Input data:
Content starts

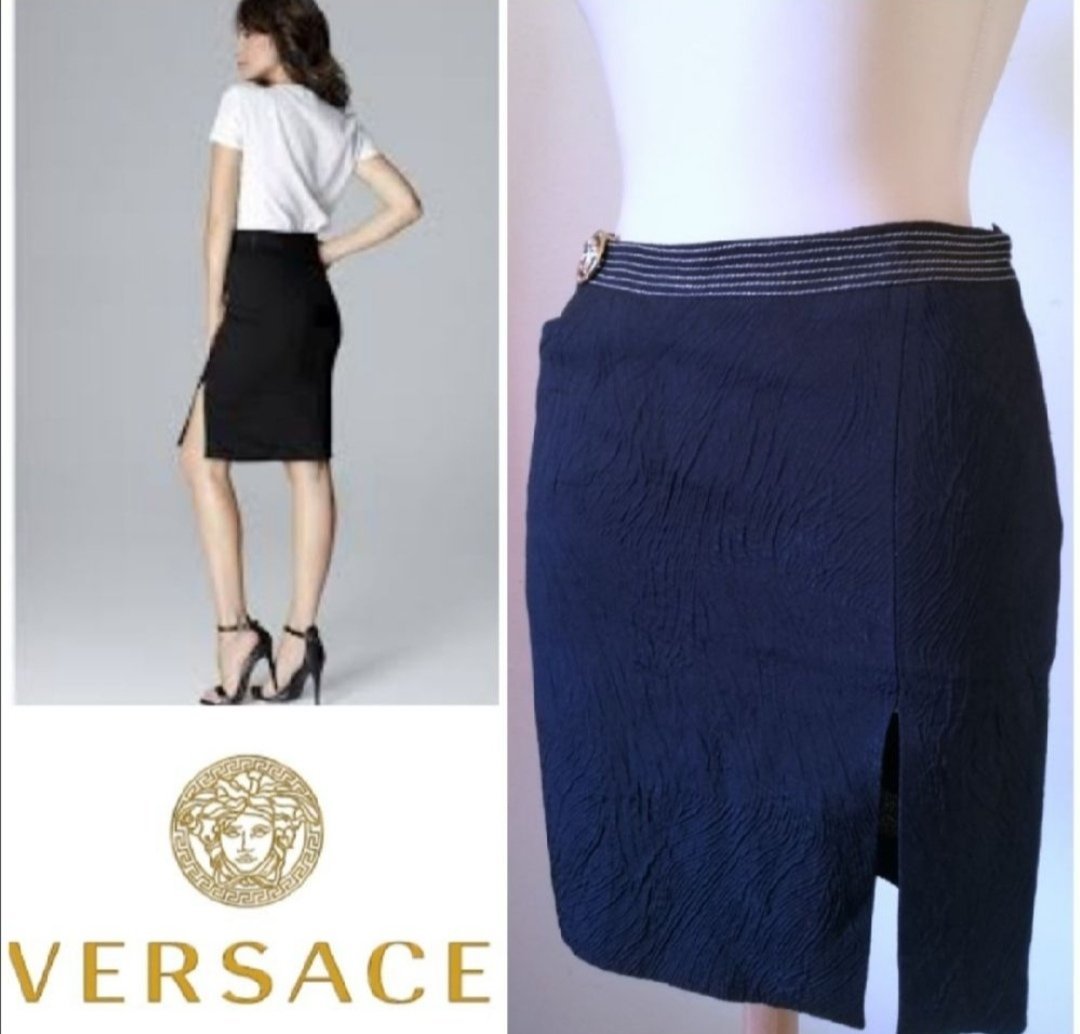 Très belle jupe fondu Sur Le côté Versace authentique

Content ends
Content starts

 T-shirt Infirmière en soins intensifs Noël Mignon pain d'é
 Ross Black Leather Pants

Content ends
Content starts

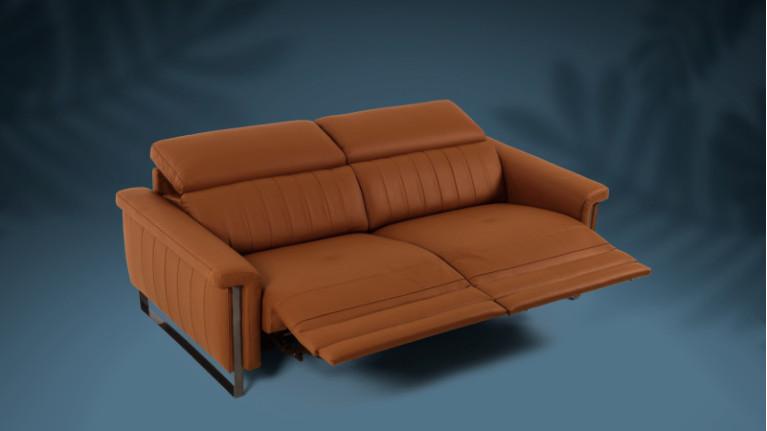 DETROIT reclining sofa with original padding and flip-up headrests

Content ends

Exercise directions:
Starting with the line above that holds "T-shirt Infirmière en" and stopping with the line that holds "Ross Black Leather Pants", reproduce each line exactly, omitting all other lines.

Answer for this exercise:
 T-shirt Infirmière en soins intensifs Noël Mignon pain d'é
 Ross Black Leather Pants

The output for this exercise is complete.